Successful management of wetlands now and in the future will require frequent monitoring and an understanding of how conditions fit within that location’s larger temporal context. Here we explore the temporal segmentation algorithm LandTrendr for this purpose by applying LandTrendr to surface water dynamics in Minnesota from 1984 to 2019. This model was very accurate in comparison to an independent set of image interpretations. Qualitatively, these results also appear accurate at multiple scales. Surface water trendlines for individual pixels were as expected for a variety of wetland types and degrees of inundation, removing spurious interannual fluctuations in values but identifying longer-term trends.
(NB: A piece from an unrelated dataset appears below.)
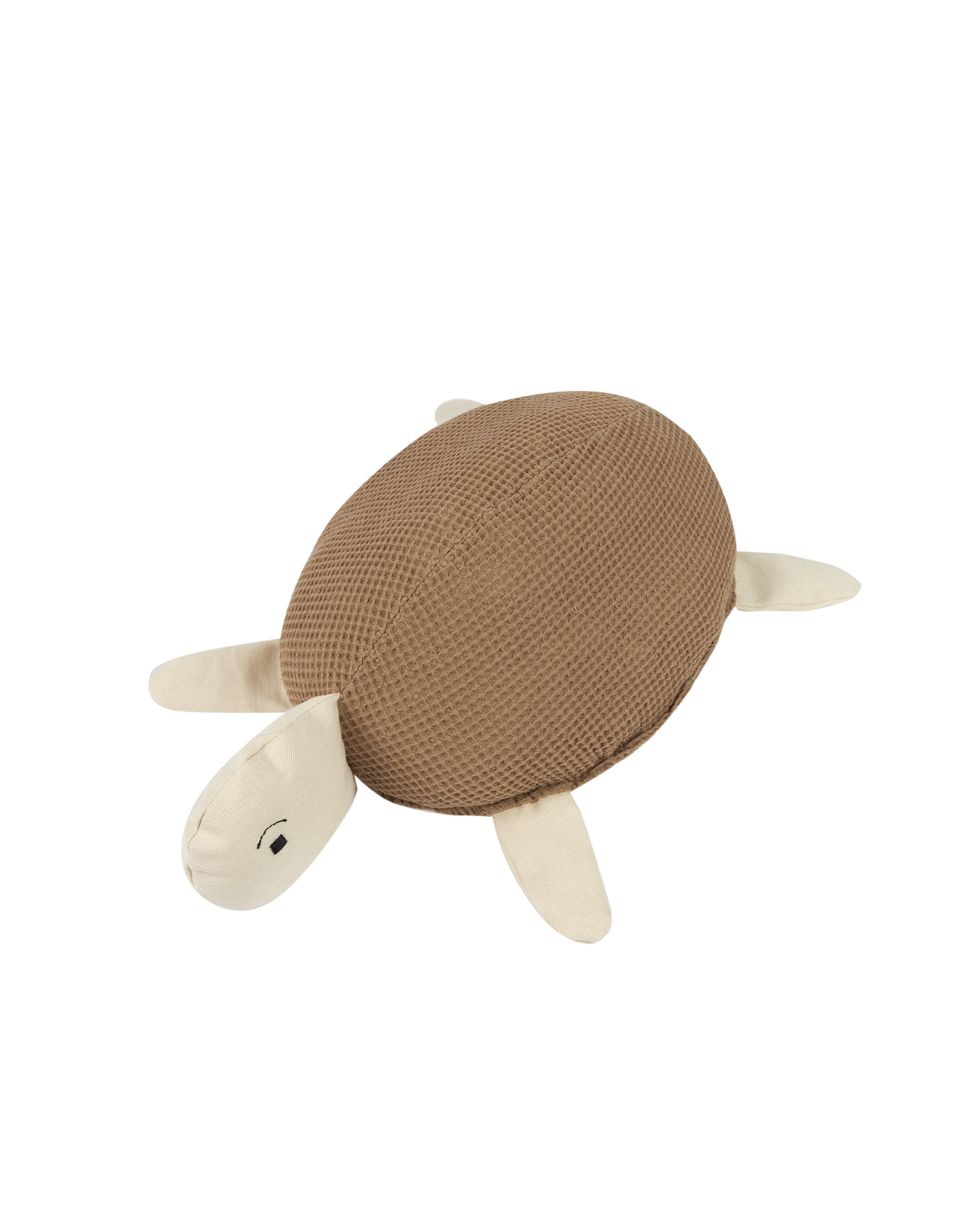 Nobodinoz Wabi-Sabi Schildpadkussen 32x14x16cm - Bruin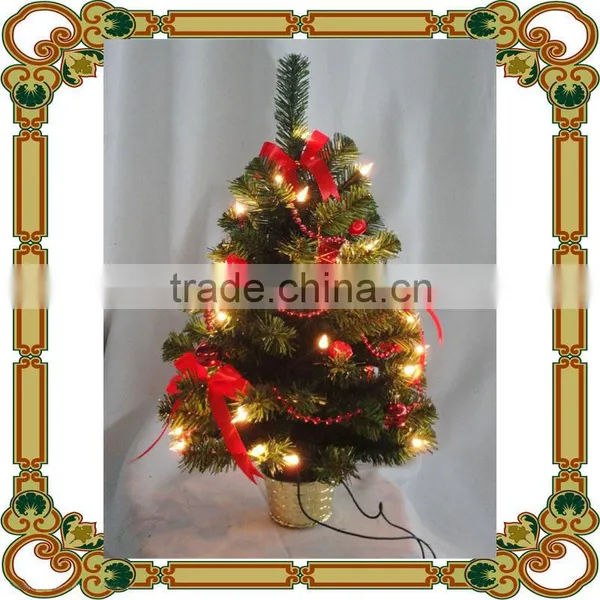60cm Mini Christmas Decorated Tree, Christmas Table Tree,USB Christnas Tree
Aggregations of trendlines across multiple pixels also produced reasonable trends spatially and temporally, and can create larger maps of landscape-level surface water dynamics such as frequency or recency of inundation. The high accuracies achieved here suggest that LandTrendr could be a valuable tool for increasing the confidence of long, complex time series analysis, and already shows the ability to identify changes in the NWI by being able to separate water regime classes. These high accuracies were achieved with relatively minimal input: optimal parameters for LandTrendr in this system were identified, but the SWF algorithm used with LandTrendr requires no training data outside of the time series of surface reflectance images, suggesting it could be easily applied to monitor wetlands generally. However, spatial clustering of error locations and relatively poor performance identifying areas of emergent wetlands suggest that performance is strongly influenced by the time series provided, and there is a limit to the amount of noise in the time-series for which LandTrendr can compensate. The methods described here are intended to minimize the amount of training to evaluate LandTrendr’s performance generally, but including additional training data to more accurately capture inundation for different wetlands or varying parameterizations by wetland type or location could further enhance the accuracy of LandTrendr results. Overall, the accuracy achieved here in this initial application suggests LandTrendr is suitable for wetland monitoring from the local to regional scale.